Era ya bien entrada la noche cuando Carol la sintió: la corriente que desde que tenía memoria había permanecido muerta entre ellos —la mitad de la cual consideraba extinta en su interior— había vuelto a prender. Carol tendió sus brazos hacia Paul al mismo tiempo que él se inclinaba sobre ella. Recibió su beso y se sintió caer en su boca abierta. Paul se mostró dubitativo al principio, tocándola como si fuese un objeto frágil, como si estuviese hecha de niebla y fuera a atravesarla. Pero Carol respondió y las caricias crecieron en intensidad. La habitación estaba a oscuras. Se despojaron de sus ropas. Presionaron mutuamente sus cuerpos con alivio, necesidad y amor. Paul se colocó sobre ella y la descubrió sólida, con sustancia. El olor y el peso de Paul sobre su cuerpo fueron sensaciones familiares y embriagadoras para Carol. Lágrimas de alegría agridulce asomaron a las comisuras de sus ojos. Por un momento, Jamie dejó de estar presente.
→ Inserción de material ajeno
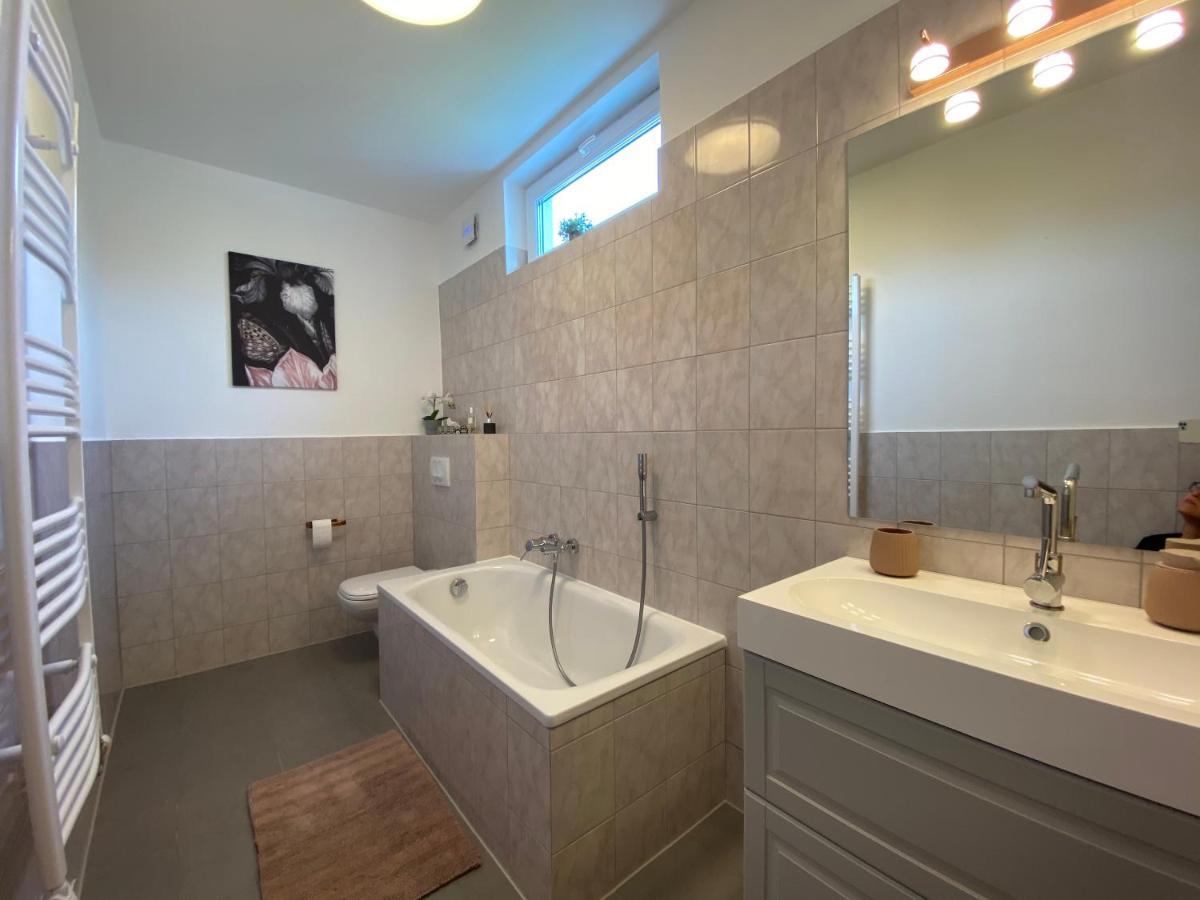 Orosháza Spirit Homes Apartments מראה חיצוני תמונה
No a la manera agónica de aquellos últimos meses, sino como solía estarlo cuando se encontraba a salvo en su habitación y ellos iban a ese mundo especial que los maridos y mujeres ocupan durante preciados momentos. Carol y Paul dejaron que hablaran sus lenguas; sonidos incoherentes de pasión que salían volando de sus bocas.

—Carol —dijo Paul en la oscuridad.

—¿Sí? —respondió ella.

—Tienes razón, deberíamos celebrar un entierro: una lápida, un servicio fúnebre. Puedo esperar y marcharme luego.

Ella le apretó la mano.

—Cuando vuelvas —dijo Carol.

No era lo único que Paul quería decirle.

—No es un deseo suicida lo que me mueve. Me da miedo acabar malherido, la posibilidad de no regresar. Pero más miedo me da no ir.

Carol sintió que su fuerza era contagiosa y permaneció infectada por ella.

—Primero ve y averigua qué ha sido de nuestro hijo, de los demás niños desaparecidos. Después vuelve a casa, conmigo —dijo.

Carol notó que Paul sonreía y lo agarró de la mano en la incipiente alborada. Las manos de ambos iniciaron un juguetón tira y afloja que era su ritual perdido en momentos de intimidad. Sus pulgares bailaron juntos, rozándose suavemente, pronunciando en silencio su amor.

Behr estaba fuera, sentado en su coche aparcado. Vio un par de luces atravesar la semioscuridad en el interior de la casa. Se preguntó por qué estaba allí, cuando lo inteligente habría sido marcharse solo y dejar a Paul atrás. Se dio cuenta de que era por lealtad. Y también se daba la circunstancia de que Paul aparecería por su cuenta y riesgo si Behr lo dejaba atrás. Se le ocurrió tocar el claxon a pesar de la hora. Nunca hasta entonces había necesitado hacerlo, pues todas las veces que había pasado a recoger a Paul este había estado esperándole fuera o aparecía al instante de haberle visto llegar. Y en todas aquellas ocasiones únicamente había visto a Carol una o dos veces, deslizándose por delante de una ventana. O bien pasaba fuera la mayor parte del tiempo o se movía en las profundidades de la casa como un espíritu.

Aquel día, sin embargo, abrió la puerta y apareció, en carne y hueso, vestida con pantalones de chándal y una sudadera desvaída, el pelo recogido en una coleta. Tenía la cara limpia y sin maquillar. Parecía a la vez joven y maltratada por el tiempo, y la combinación resultaba hermosa. Behr bajó la ventanilla al verla aproximarse, medio esperando oír que Paul no le iba a acompañar, que el viaje parecía demasiado peligroso y que sería mejor que Behr no volviese a aparecer por allí.

—Entre —dijo Carol—. Voy a prepararles un buen desayuno a los dos antes de que se marchen.